Com isso, supera-se o tratamento insulado e setorial da saúde e o debate (restrito) em torno de sua funcionalidade para o crescimento, inserindo a área de modo endógeno no debate político sobre o padrão de desenvolvimento desejado. Essa perspectiva pode implicar tanto a simplificação de diversas tecnologias utilizadas no sistema quanto sua complexificação. Para sermos coerentes com os princípios do Sistema Único de Saúde (SUS) e com os requerimentos dos novos paradigmas tecnológicos, a definição das tecnologias estratégicas para o país não pode permitir a segmentação entre práticas sofisticadas e adequadas para alguns e práticas simples para a maioria da população.


A saúde é a área mundial que concentra os maiores esforços em pesquisa e desenvolvimento, em conjunto com a área de defesa, respondendo isoladamente por cerca de 25% de toda despesa mundial com inovação. A questão geral que divide as nações entre o mundo desenvolvido e os outros mundos se expressa de forma arrebatadora na área da saúde, evidenciando que somos parte não autônoma de um determinado modelo histórico de desenvolvimento.


Articular saúde e desenvolvimento remete para a necessidade de pensar o padrão geral de desenvolvimento e como ele se expressa e se reproduz no âmbito da saúde.
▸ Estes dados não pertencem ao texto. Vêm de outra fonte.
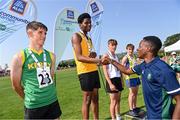 13 August 2022; Community Games ambassador Jesse Osas, right, with boys 100m U16 & O14 gold medallist Sylvester Onwudiwe from Ennis-St-Johns, Clare, during the Aldi Community Games National Track and Field Finals that attract over 2,000 children to SETU Carlow Sports Campus in Carlow. Photo by Ramsey Cardy/Sportsfile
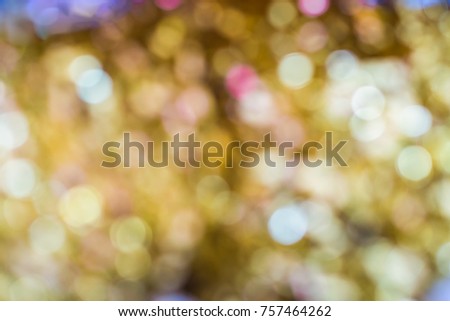 Blurry golden, yellow, red and blue Christmas light or bokeh background.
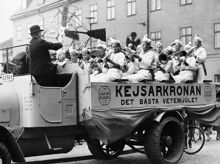 Musikframträdande på Barnens dag. En blåsorkester sitter på ett lastbilsflak, som gör reklam för Kejsarkronans vetemjöl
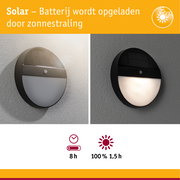 Ronde zwarte solar wandlamp met bewegingssensor aan grijze muur, energiezuinige buitenverlichting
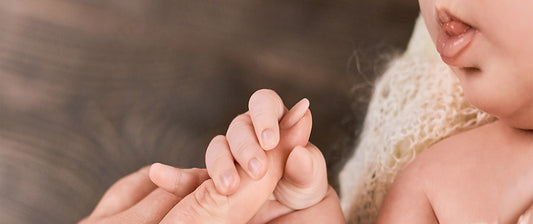 Neugeborenes zeigt Greifreflex, indem es den Finger eines Erwachsenen festhält.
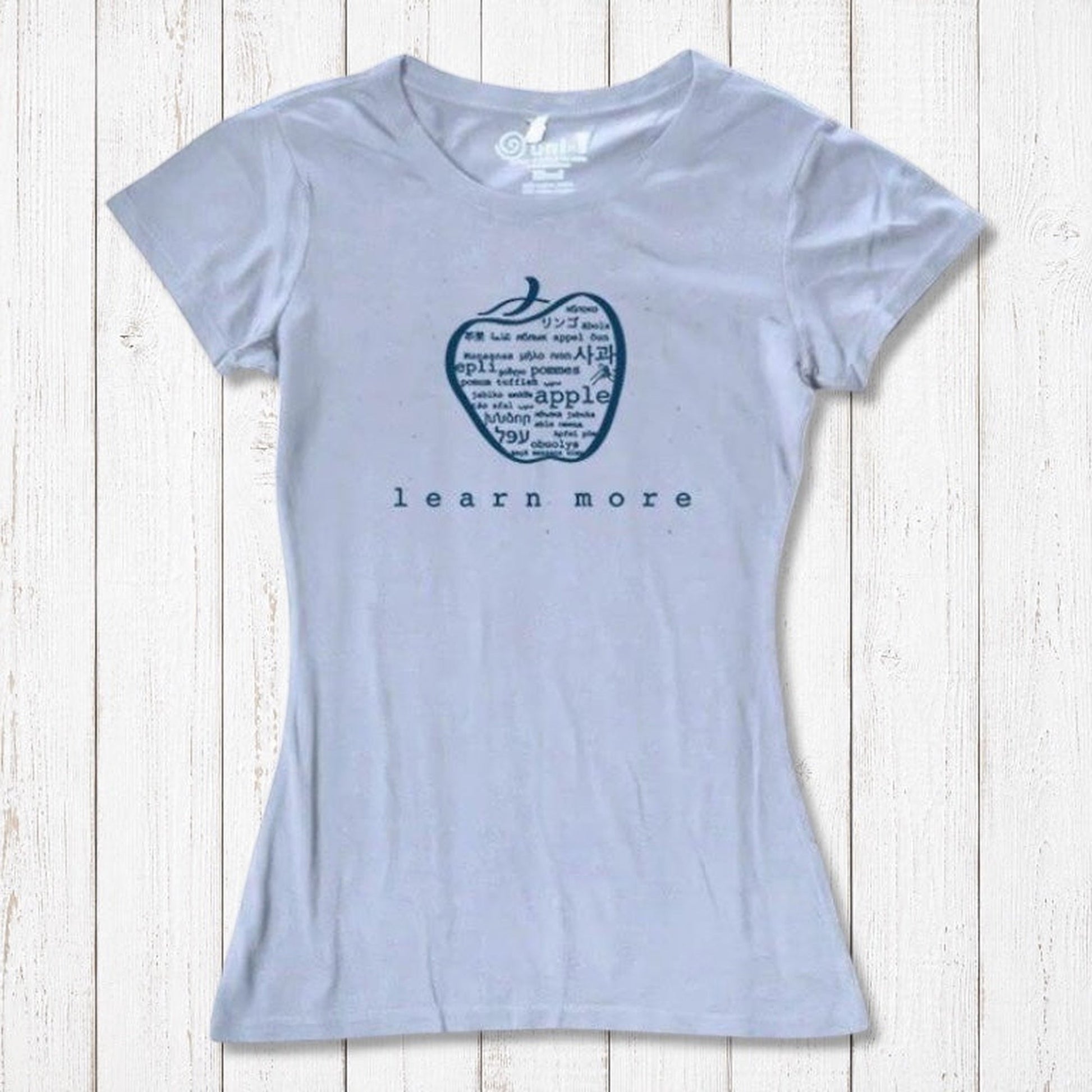 Light blue women's T-shirt made from bamboo & organic cotton, featuring apple 'learn more' graphic, perfect for teacher gifts.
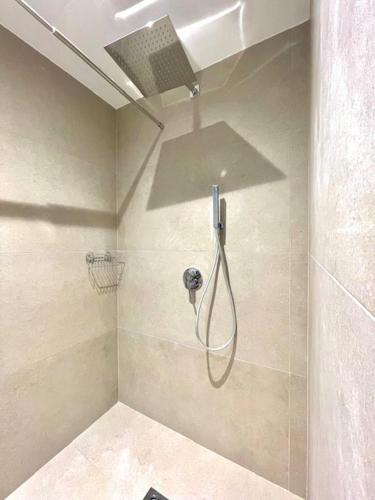 a shower with a shower head in a bathroom at Dimora dei lidi in Fontane Bianche
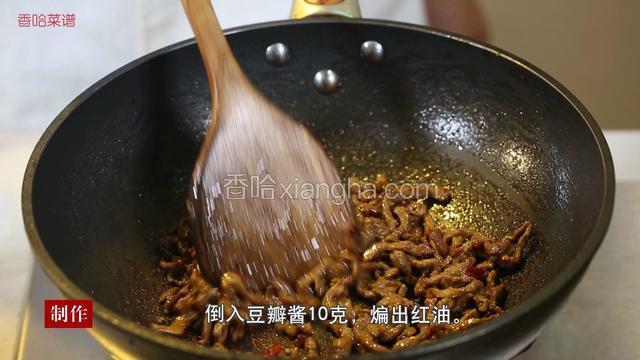 待肉丝炒至棕红色时，倒入10克豆瓣酱，煸出红油后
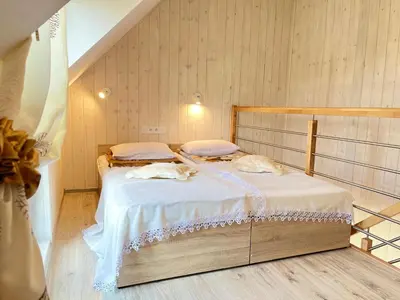a bedroom with two beds in a room at Apartamenty Artur in Oświęcim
Isso não constitui perda de foco sobre o tema saúde. Reconhece-se, sim, que somos parte de um determinado sistema capitalista, num país tecnologicamente dependente e com uma estrutura social e econômica desigual e com fragilidades estruturais marcantes.


Com essa perspectiva, trata-se de assumir que as perspectivas de transformação nacional também existem e se refletem na saúde, tanto em sua dimensão política e social quanto em sua dimensão econômica. Mais ainda, no âmbito de um novo modelo de desenvolvimento, a saúde constitui uma das atividades em que é possível - se bem que não necessariamente - articular a busca de equidade social e regional com o dinamismo econômico a longo prazo, que caracterizam o processo de desenvolvimento de um ponto de vista substantivo.


Após a crise do padrão de desenvolvimento do pós-guerra, do fracasso das experiências neoliberais na política nacional e no contexto da crise financeira global, o momento se mostra adequado para um novo pacto político, social e econômico, retomando-se a perspectiva de se construir um Estado de bem-estar contemporâneo, que recupere antigas promessas e enfrente novos desafios. A política para o complexo econômico-industrial da saúde certamente faz parte dessa aposta.


Carlos Augusto Grabois Gadelha é secretário de Ciência, Tecnologia e Insumos Estratégicos do Ministério da Saúde, ex-vice-presidente de Produção e Inovação da Fiocruz e coordenador do Grupo de Pesquisa sobre Complexo Industrial e Inovação em Saúde da Fiocruz.